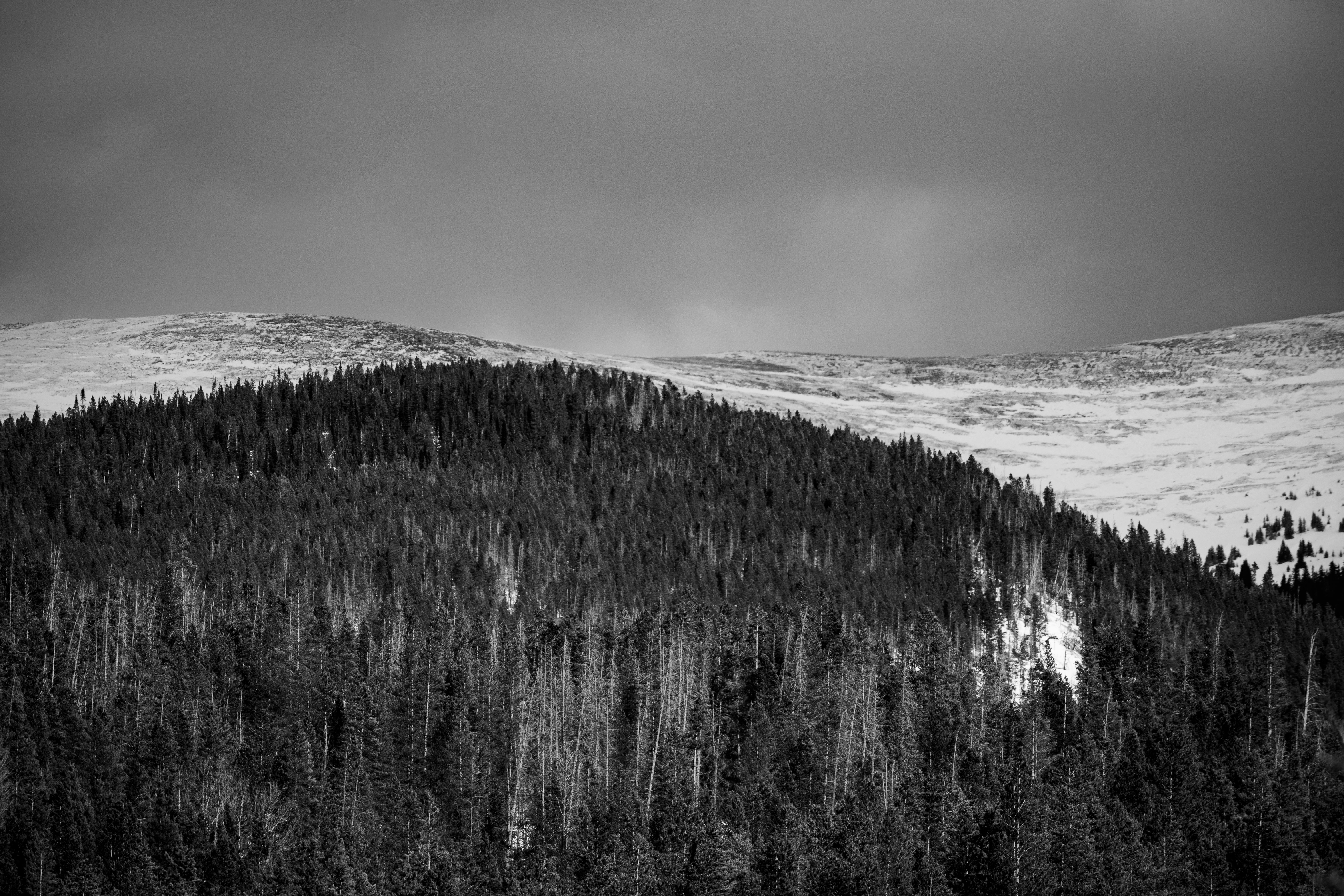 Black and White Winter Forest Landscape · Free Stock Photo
==
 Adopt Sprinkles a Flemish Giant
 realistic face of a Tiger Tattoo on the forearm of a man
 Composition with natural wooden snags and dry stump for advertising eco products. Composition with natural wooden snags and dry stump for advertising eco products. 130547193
...
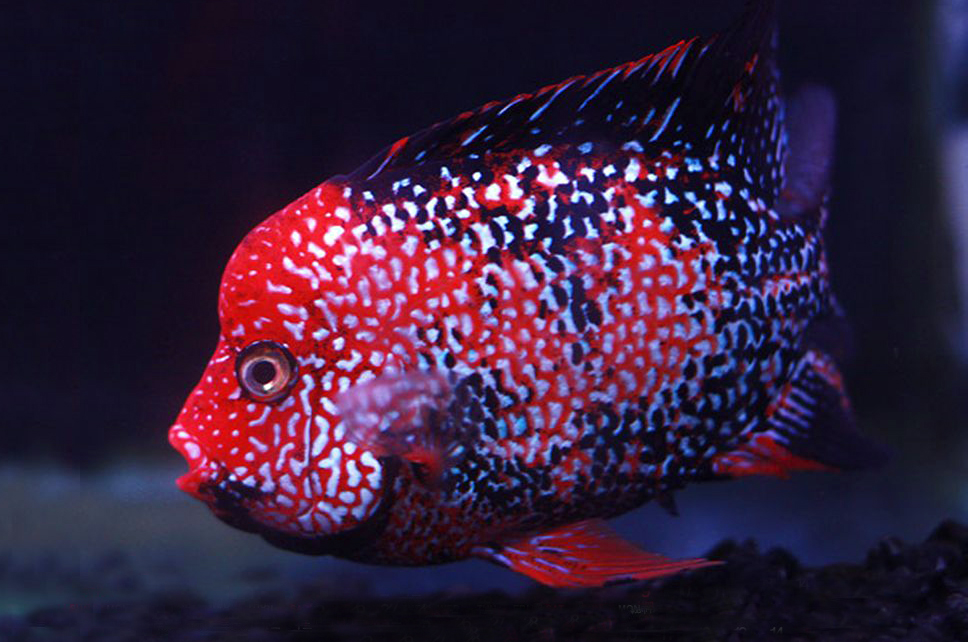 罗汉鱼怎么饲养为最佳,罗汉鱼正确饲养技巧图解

▸ Aim of the task
The required answer is the run of lines above, starting at the line with "realistic face of" and ending at the line with "eco products. 130547193", reproduced exactly with both ends.

▸ Solution to the problem
 realistic face of a Tiger Tattoo on the forearm of a man
 Composition with natural wooden snags and dry stump for advertising eco products. Composition with natural wooden snags and dry stump for advertising eco products. 130547193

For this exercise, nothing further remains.